I don’t ever want to see any of more these mall in the City -- Not one more ever!
I don’t want to see another Water Garden project either.
However, my problem with Santa Monica Place and the Water Garden is not a quantitative one. So I don’t think setting an arbitrary limitation on the quantity of commercial development in the future will, by itself prevent such abominations in the future. The problems of these two projects and others of their ilk are ones of design, and diversity, not mere quantity.
By diversity, I am referring to the mono-culture that each of these projects represents. One is a concentration of office workers only, the other an amalgam of shoppers. Both such concentrations are recipes for congestion. They each subject the city to a pulse of traffic at certain times of the day, while allowing the underutilization of expensive resources at other times. Diverse development provides a more round the clock set of experiences. This spreads out the traffic, and utilizes resources more efficiently, while allowing people to live, work, shop and play within a walkable area.

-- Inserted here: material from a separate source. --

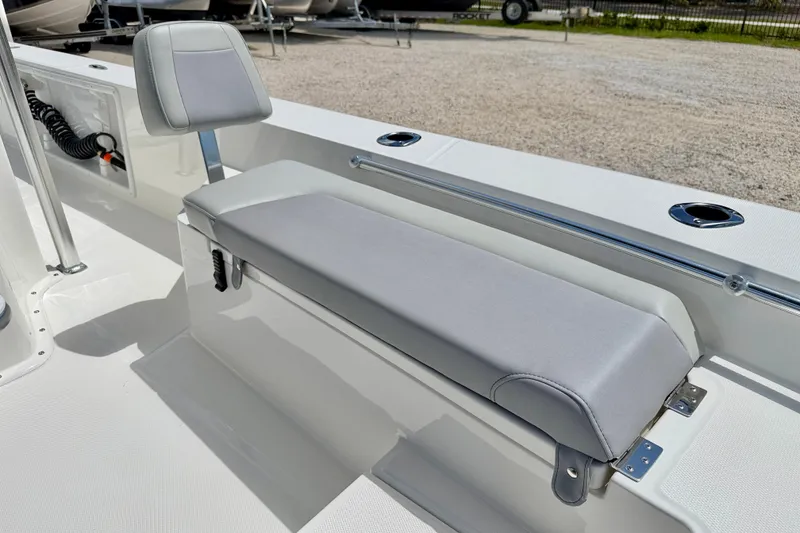 Slide: The Image of Bay Rider 2260 FS Skiff 2027 interior with cushioned seating and storage compartment. - 12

By design, I am referring to their lack of transparency, both literally and urbanistically. Both of these projects (and they are very definitely projects, not districts, not neighborhoods, not pieces of a town) are ‘coarsely grained.’ Think of a fabric, where the City’s warp and weave is very tight, but a moth has come and eaten a hole in it. Each of these project sits within that moth-hole eaten fabric, what urban designers call a super-block, completely out of scale with the urban street grid of the city in which they sit. In the case of Water Garden, a very sub-urban, highly irrigated and non-native buffer of unusable green space separates the project from the rest of its neighbors turning the edges of the project into auto-dominated no-mans’ lands. At SM Place, a set of parking garages, and blank walls (only some of which are being ameliorated by the renovation) isoloate the behemoth from the City.
If the quantities of commercial space that each of the project represent were distributed more evenly, in more diverse and in more transparent and pedestrian friendly arrangements they would hardly register in terms of traffic and no one would be using them as the poster children of ‘over development.’ I know this because there’s a whole lot more commercial development on the three blocks of 3rd Street that constitute the Promenade than there are at these two projects and no one uses the Promenade as the thing to avoid. I don’t here folks complaining about how lousy Wilshire Boulevard is or Main Street. Good urbanism, diverse and well designed always has a constituency.
Proposition T does nothing to assure good urbanism anywhere. In fact it does the opposite. It limits diversity in favor of a mono-culture of housing. With Proposition T we’re just making the same mistake over again, just giving it different, but worn out clothing.